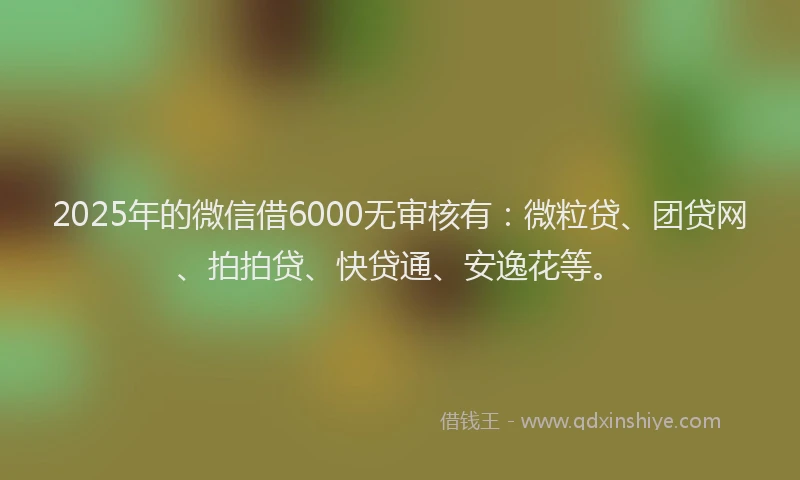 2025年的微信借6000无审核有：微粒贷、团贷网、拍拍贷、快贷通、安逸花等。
* * *
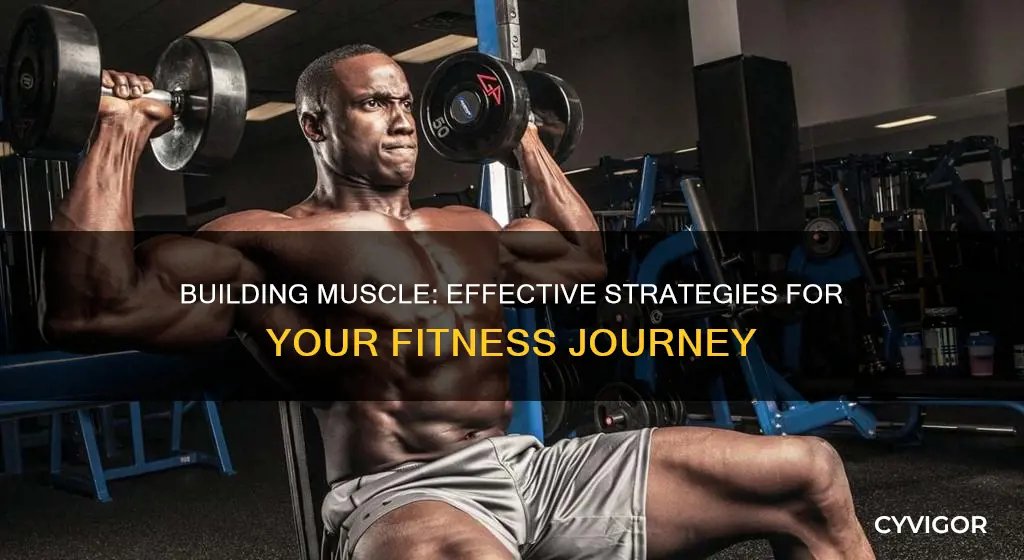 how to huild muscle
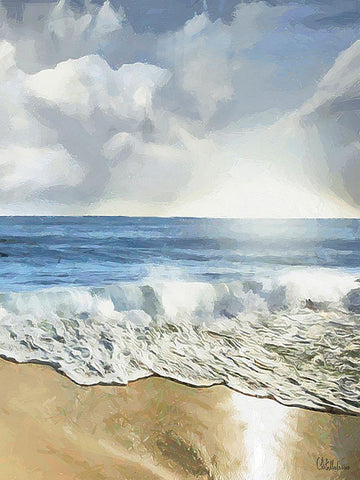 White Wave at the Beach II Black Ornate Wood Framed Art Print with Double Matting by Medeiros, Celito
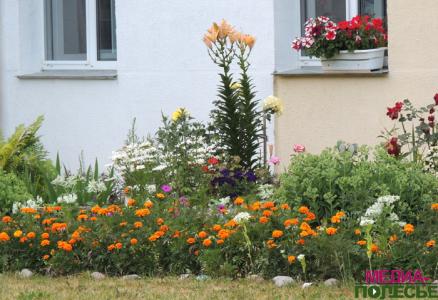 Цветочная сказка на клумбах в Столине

▶ _Task to carry out_
Would you transcribe the lines above exactly, going from the line bearing "White Wave at" through the line bearing "Цветочная сказка на клумбах в Столине", and drop the pictures from the copy?

▶ _Task output_
 White Wave at the Beach II Black Ornate Wood Framed Art Print with Double Matting by Medeiros, Celito
 Цветочная сказка на клумбах в Столине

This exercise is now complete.